## ABOUT THIS EXERCISE
Look through the records below, and copy out every line that holds the string "from".

## LISTED ENTRIES

Segment Open

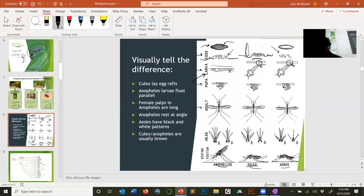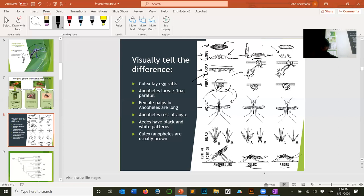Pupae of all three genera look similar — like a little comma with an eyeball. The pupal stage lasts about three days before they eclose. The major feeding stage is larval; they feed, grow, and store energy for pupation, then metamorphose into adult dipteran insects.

Segment Closed
Segment Open

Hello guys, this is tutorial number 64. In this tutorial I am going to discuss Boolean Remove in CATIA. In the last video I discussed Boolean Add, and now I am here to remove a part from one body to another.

Segment Closed
Segment Open

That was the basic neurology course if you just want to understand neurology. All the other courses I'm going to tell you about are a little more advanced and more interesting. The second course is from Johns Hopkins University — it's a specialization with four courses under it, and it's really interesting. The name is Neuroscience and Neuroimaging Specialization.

Segment Closed

## YOUR RESPONSE
Hello guys, this is tutorial number 64. In this tutorial I am going to discuss Boolean Remove in CATIA. In the last video I discussed Boolean Add, and now I am here to remove a part from one body to another.
That was the basic neurology course if you just want to understand neurology. All the other courses I'm going to tell you about are a little more advanced and more interesting. The second course is from Johns Hopkins University — it's a specialization with four courses under it, and it's really interesting. The name is Neuroscience and Neuroimaging Specialization.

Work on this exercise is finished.